Collected data
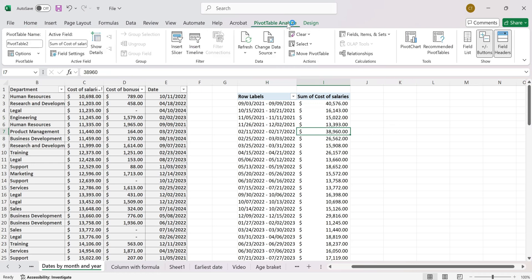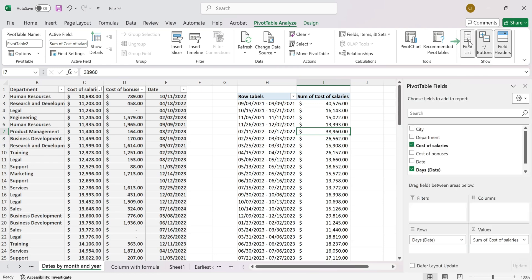Now, what we need to do in order to create an average column is to first enable the field list by going to pivot table analyze and clicking on the field list button.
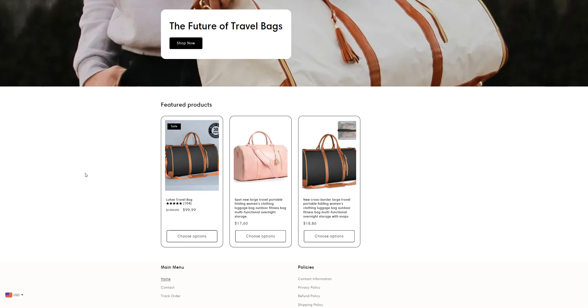For example, this is a Luce travel bag which is initially listed at $200, but they have given the price of this product as only $100.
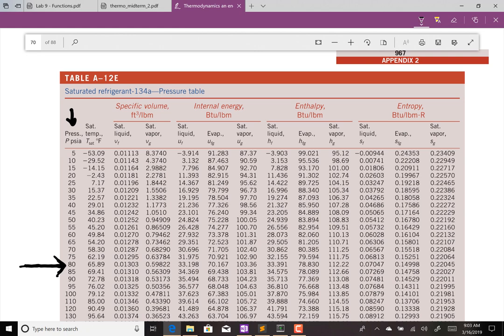Here's the English unit table for saturated refrigerant 134a. We're looking at the pressure table since we were given pressure. Our pressure was 80 psi absolute, so the saturation temperature at this pressure is 65.89°F. What we actually want right now is the enthalpy of the saturated liquid and the enthalpy of the saturated vapor. Our given enthalpy of 78 BTU/lbm falls between these two values, so we know we have a saturated mixture.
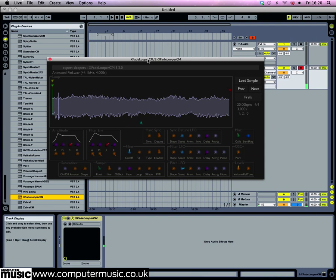In this tutorial we're going to look at Expert Sleeper's Crossfade Looper CM, which is a really cool little sampler with some awesome features. When you load it up it's not going to make any sound by itself, so you need to load in some samples. Let's load up animatedchord.wav.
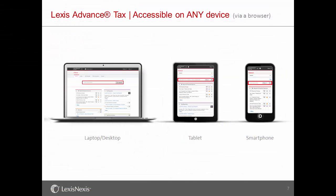You can log on to Lexis Advance Tax not only from your laptop or desktop, but also your mobile device.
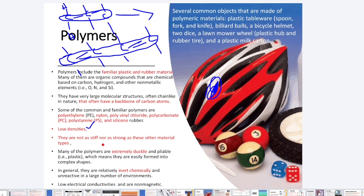Regarding chemical properties, the majority of polymers are chemically inert — they don't react with most chemicals. That's why chemicals are stored in plastic containers, chemistry labs use plastic bottles, and car batteries use plastic casings despite containing acid. Polymers also have low electrical conductivity and are non-magnetic. In summary, the main characteristics of polymers are: low density, chemically inert, low electrical conductivity, non-magnetic, highly ductile, and less stiff.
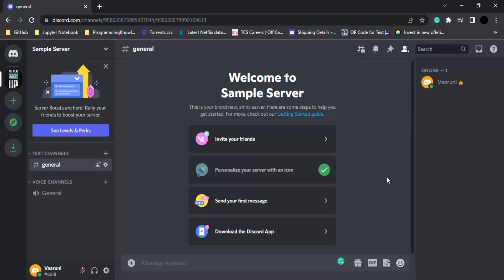In this video, we are going to see how we can join a global server on Discord.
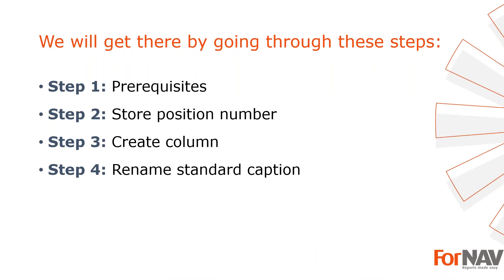To demonstrate adding position numbers to your sales documents, I'm going to use these steps. Prerequisites, what do I need to get going? In step two, I will create and calculate my variables. In step three, I will add the position number to my lines. In step four, I will rename my line caption.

YOUR ASSIGNMENT
Exactly the lines from the one containing "In this tutorial" to the end of the records above, both end lines included, are to be printed, and no pictures with them.

RESPONSE FOR THIS EXERCISE
In this tutorial we're going to look at Expert Sleeper's Crossfade Looper CM, which is a really cool little sampler with some awesome features. When you load it up it's not going to make any sound by itself, so you need to load in some samples. Let's load up animatedchord.wav.
You can log on to Lexis Advance Tax not only from your laptop or desktop, but also your mobile device.
Regarding chemical properties, the majority of polymers are chemically inert — they don't react with most chemicals. That's why chemicals are stored in plastic containers, chemistry labs use plastic bottles, and car batteries use plastic casings despite containing acid. Polymers also have low electrical conductivity and are non-magnetic. In summary, the main characteristics of polymers are: low density, chemically inert, low electrical conductivity, non-magnetic, highly ductile, and less stiff.
In this video, we are going to see how we can join a global server on Discord.
To demonstrate adding position numbers to your sales documents, I'm going to use these steps. Prerequisites, what do I need to get going? In step two, I will create and calculate my variables. In step three, I will add the position number to my lines. In step four, I will rename my line caption.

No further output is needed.